* [Data for the task]:
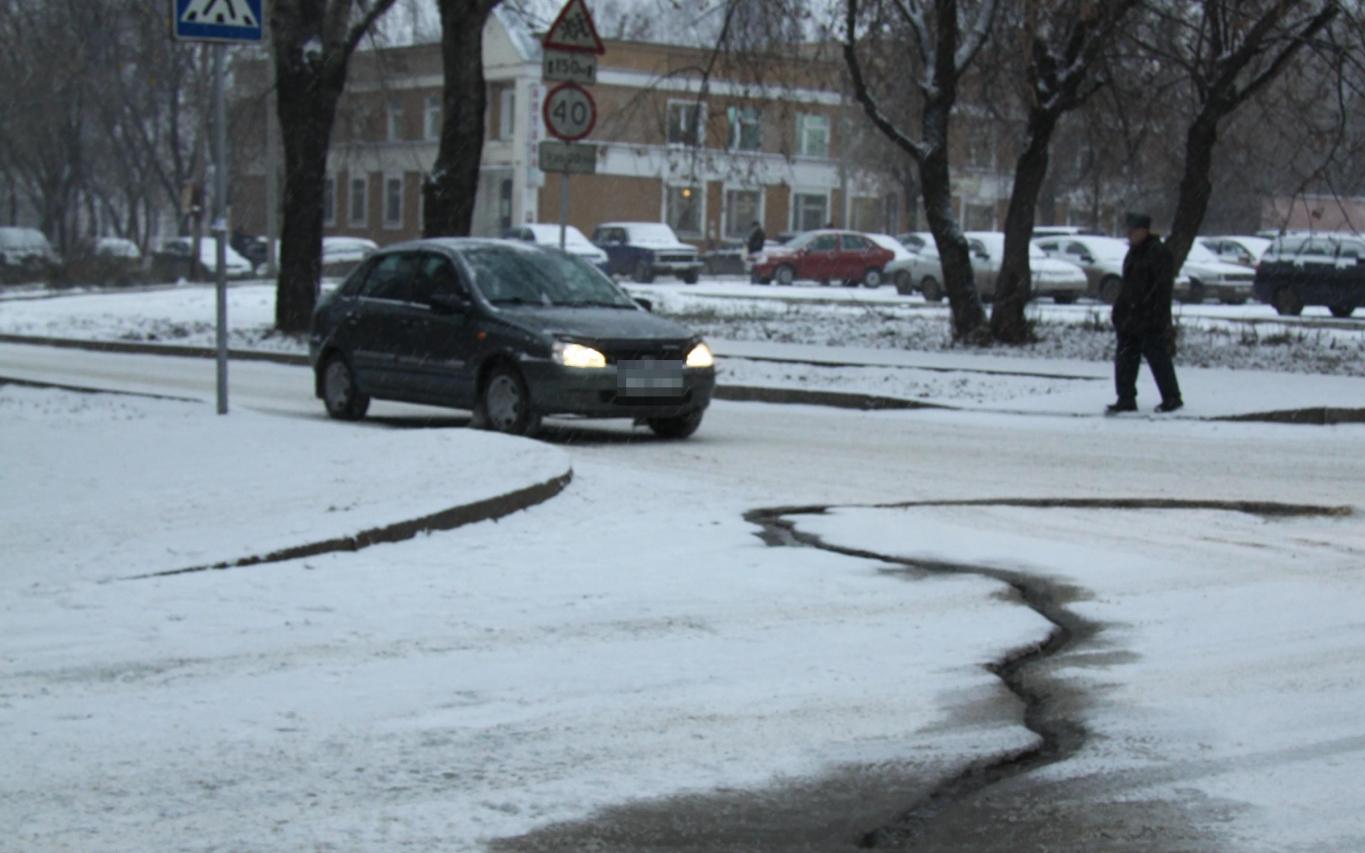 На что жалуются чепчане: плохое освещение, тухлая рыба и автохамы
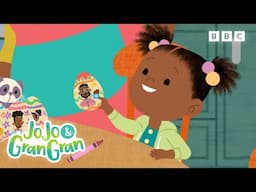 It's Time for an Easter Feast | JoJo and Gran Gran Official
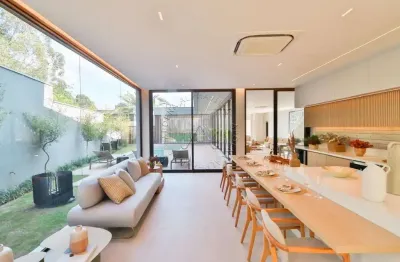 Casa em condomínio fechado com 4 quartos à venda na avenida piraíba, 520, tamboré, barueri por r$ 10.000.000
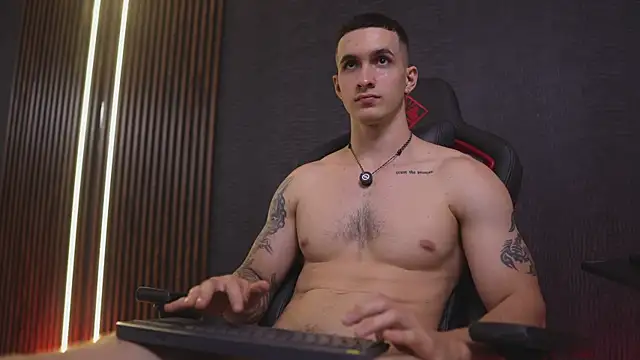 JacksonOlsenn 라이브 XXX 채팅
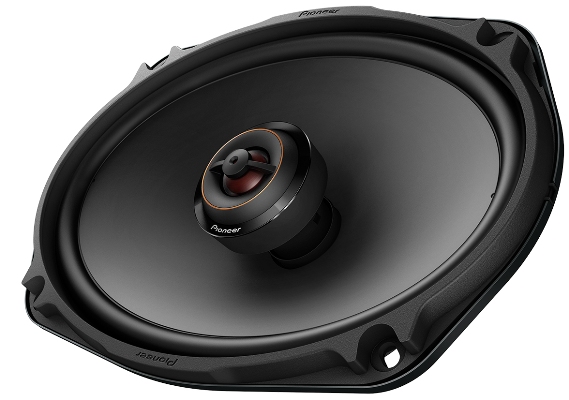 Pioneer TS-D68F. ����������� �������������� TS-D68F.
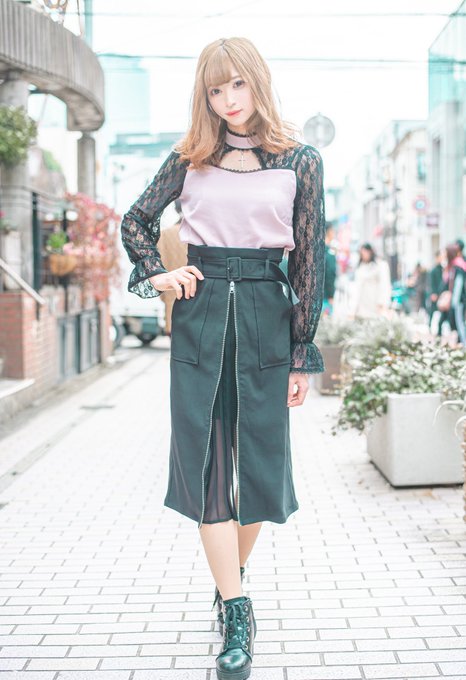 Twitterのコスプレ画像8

* [The task]:
Give an exact copy of the listing above that leaves out every picture.

* [Task output]:
 На что жалуются чепчане: плохое освещение, тухлая рыба и автохамы
 It's Time for an Easter Feast | JoJo and Gran Gran Official
 Casa em condomínio fechado com 4 quartos à venda na avenida piraíba, 520, tamboré, barueri por r$ 10.000.000
 JacksonOlsenn 라이브 XXX 채팅
 Pioneer TS-D68F. ����������� �������������� TS-D68F.
 Twitterのコスプレ画像8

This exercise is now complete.